Seabiscuit was one of the most electrifying and popular attractions in sports history and the single biggest newsmaker in the world in 1938, receiving more coverage than FDR, Hitler, or Mussolini. But his success was a surprise to the racing establishment, which had written off the crooked-legged racehorse with the sad tail. Three men changed Seabiscuit's fortunes:
Charles Howard was a onetime bicycle repairman who introduced the automobile to the western United States and became an overnight millionaire. When he needed a trainer for his new racehorses, he hired Tom Smith, a mysterious mustang breaker from the Colorado plains. Smith urged Howard to buy Seabiscuit for a bargain-basement price, then hired as his jockey Red Pollard, a failed boxer who was blind in one eye, half-crippled, and prone to quoting passages from Ralph Waldo Emerson. Over four years, these unlikely partners survived a phenomenal run of bad fortune, conspiracy, and severe injury to transform Seabiscuit from a neurotic, pathologically indolent also-ran into an American sports icon.

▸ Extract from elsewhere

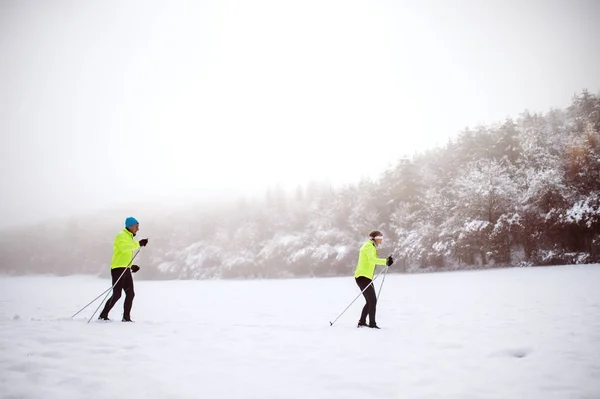 Vedoucí pár běh na lyžích. — Stock fotografie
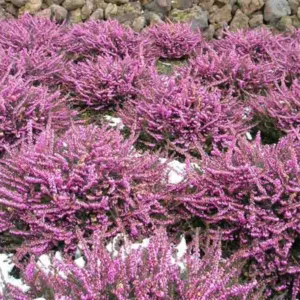 Erica x Darleyensis 'Kramer's Rote', Winter Heath 'Kramer's Rote', Heather 'Kramer's Rote', Heath 'Kramer's Rote', Winter Heath 'Kramer's Red', Heather 'Kramer's Red', Heath 'Kramer's Red', Darley Dale Heath 'Kramer's Rote', Darley Heath 'Kramer's Rote',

Author Laura Hillenbrand brilliantly re-creates a universal underdog story, one that proves life is a horse race.
©2010 Laura Hillenbrand (P)2010 Random House Audio
“Fascinating...Vivid... A first-rate piece of storytelling, leaving us not only with a vivid portrait of a horse but a fascinating slice of American history as well.”(The New York Times)
“Engrossing...Fast-moving...More than just a horse’s tale, because the humans who owned, trained, and rode Seabiscuit are equally fascinating.... [Hillenbrand] shows an extraordinary talent for describing a horse race so vividly that the reader feels like the rider.” (Sports Illustrated)
“Remarkable...Memorable...Just as compelling today as it was in 1938." (The Washington Post)
The story is Seabiscuit is astonishing. I didn't know what was doing to happen, and I was gripped from start to finish. The performer does a very good job distinguishing characters and conveying the mood and narrative tension. I recommend this for anybody.
I can understand learning who all the human characters are. But it takes until the 6th chapter before the story gets good. Then when it does, it gets really good. I'd recommend YouTubing each of the final races then watch the race before and after you read about that particular race.
I loved the story, and all of the things about horse racing that I learned. The story was engaging and a part of me wished that I could have experienced it first hand. My only challenge was listening to the narrator who was a little flat toned, otherwise the book was wonderful
I've read this book probably twenty times, at least ... Laura Hillenbrand is one of the greatest writers who has ever lived, in my opinion ... and Seabiscuit, one of the greatest horses. Such an exciting, inspiring true story of just the right team coming together to bring out the best in one another. I think that, from this example, we should all look at the person next to us with "new eyes" ... of what might they be capable, if we just took the time and effort to engage them ... get to know them ... nurture them ... give them the tools and/or the venue that will help them to bloom. In so doing, we will bloom, ourselves. Thank you, Ms. Hillenbrand, for your years-long effort to fight through your own difficulty to bring this team to life for the world once again ... for this tribute to some of God's greatest gifts to us humans (our spirit, and horses, in general, whose spirits are unmatchable gifts to us) ... for immortalising them, both for your own inspiration and for the appreciation of the descendants of these people and for the rest of us.
Every moment of this read was rewarding. Thanks first to the author and then to the narrator for bringing the history and lives of owners, trainers, horses and riders to life during a time of great historical significance in this nation and the world. Especially for the character and personality of Seabiscuit.
The narrator was easy to listen to. There were times I was so into the race I could feel the excitement and times I felt tears forming. If you have a love for animals I think you will enjoy this true story.
After being totally sucked in to Unbroken (I listened to the whole thing over three days), I expected to be similarly thrilled by Seabiscuit. Alas, I was bored. It wasn't the story-telling; it was me. To enjoy this book, you really have to be interested in horses, and I'm not.